_Directions:_ Return the records exactly as they appear below, omitting the pictures.

_Listed records:_
§

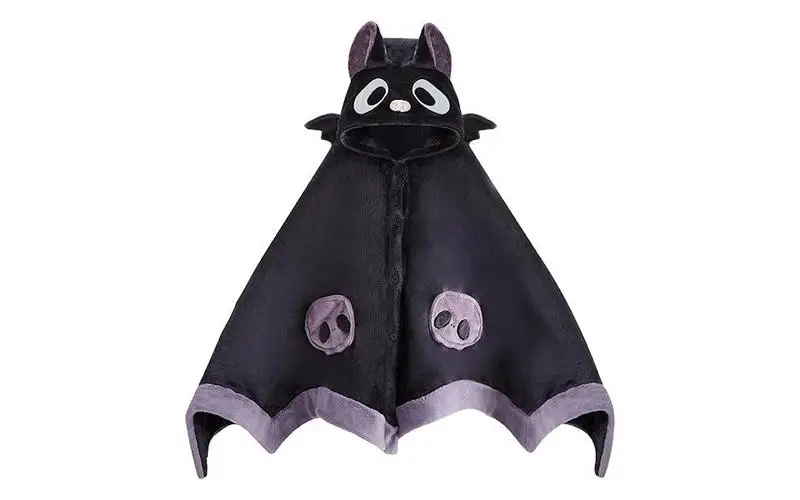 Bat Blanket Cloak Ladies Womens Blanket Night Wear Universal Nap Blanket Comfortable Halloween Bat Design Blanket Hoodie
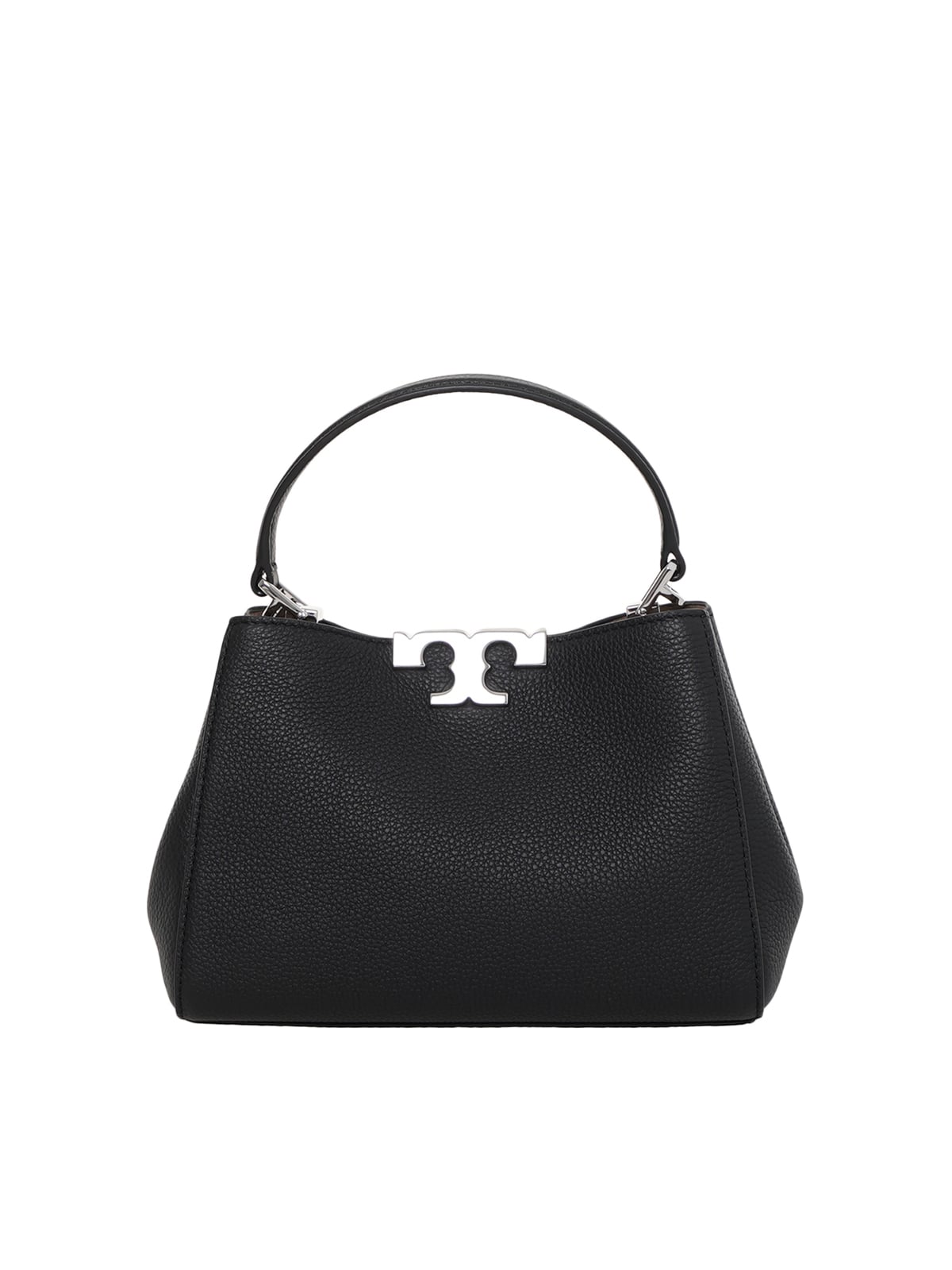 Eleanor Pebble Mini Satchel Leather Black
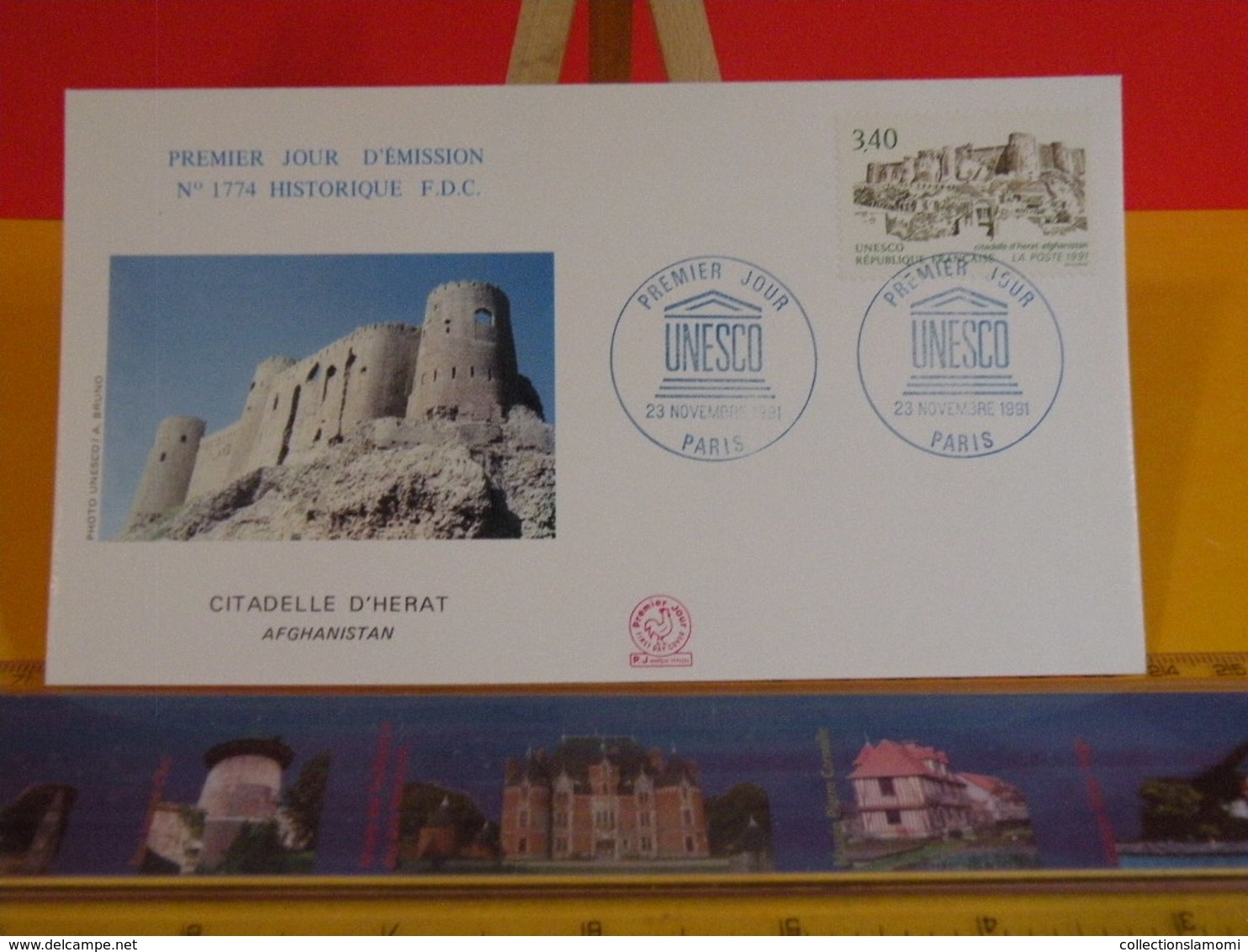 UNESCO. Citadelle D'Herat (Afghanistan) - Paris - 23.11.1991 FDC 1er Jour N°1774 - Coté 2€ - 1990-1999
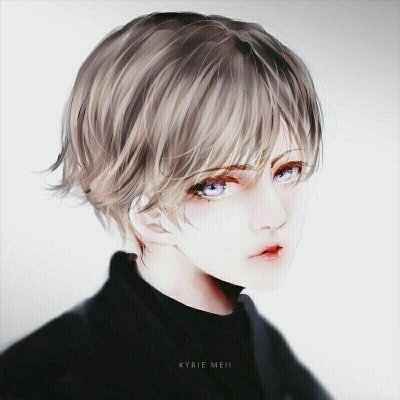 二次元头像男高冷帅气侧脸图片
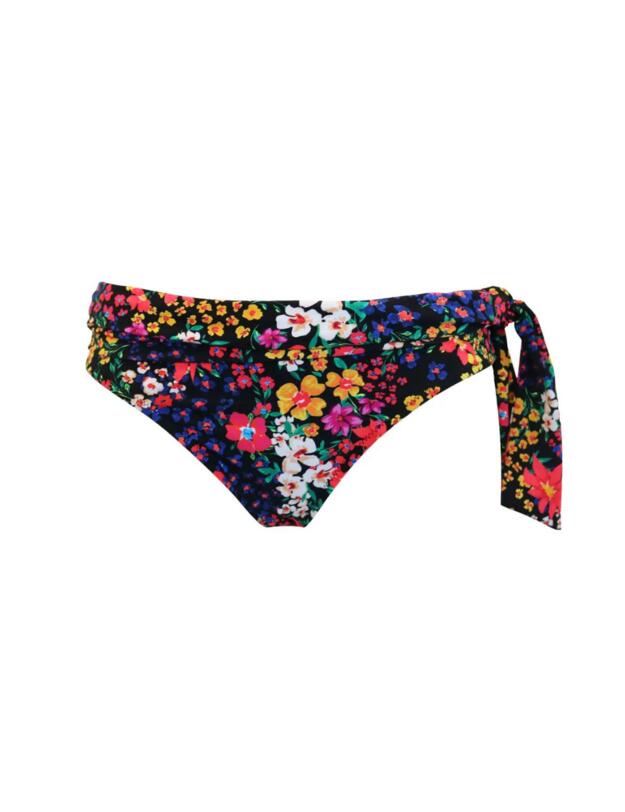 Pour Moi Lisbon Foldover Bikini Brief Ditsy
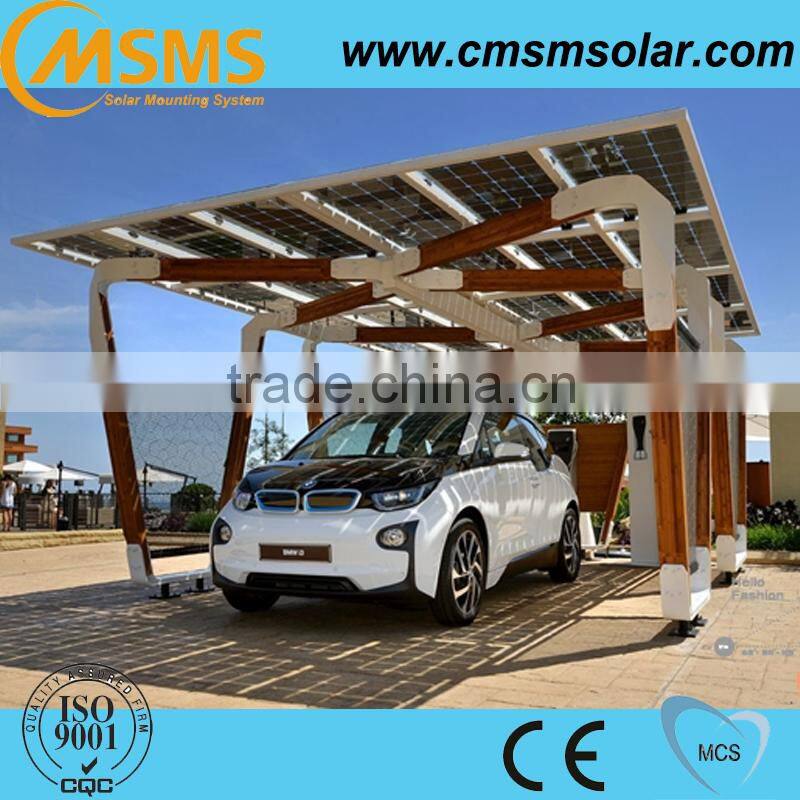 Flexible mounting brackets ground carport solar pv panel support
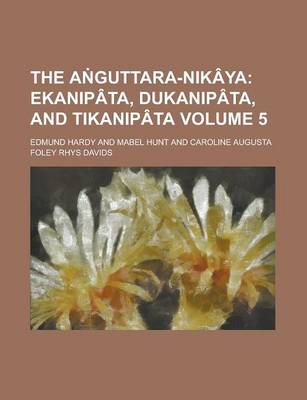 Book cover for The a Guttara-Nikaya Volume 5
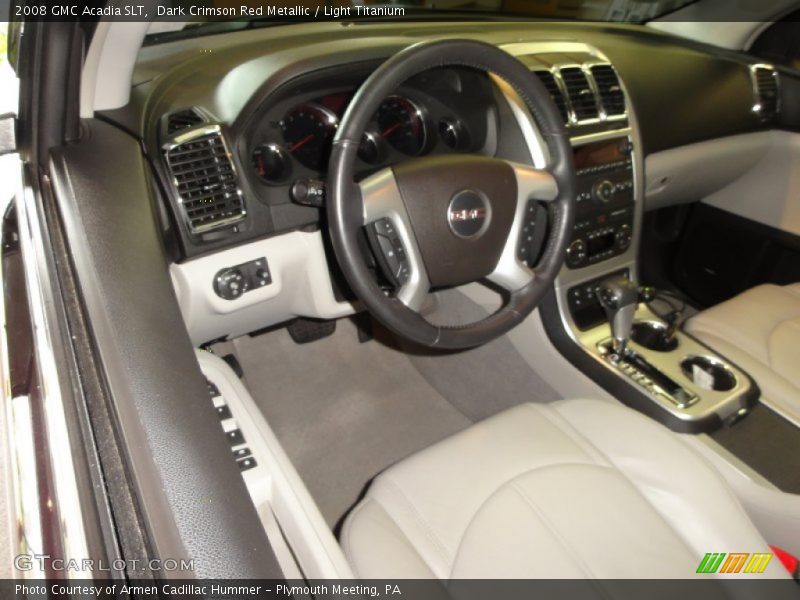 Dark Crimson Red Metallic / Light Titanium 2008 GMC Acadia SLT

§

_Result below:_
 Bat Blanket Cloak Ladies Womens Blanket Night Wear Universal Nap Blanket Comfortable Halloween Bat Design Blanket Hoodie
 Eleanor Pebble Mini Satchel Leather Black
 UNESCO. Citadelle D'Herat (Afghanistan) - Paris - 23.11.1991 FDC 1er Jour N°1774 - Coté 2€ - 1990-1999
 二次元头像男高冷帅气侧脸图片
 Pour Moi Lisbon Foldover Bikini Brief Ditsy
 Flexible mounting brackets ground carport solar pv panel support
 Book cover for The a Guttara-Nikaya Volume 5
 Dark Crimson Red Metallic / Light Titanium 2008 GMC Acadia SLT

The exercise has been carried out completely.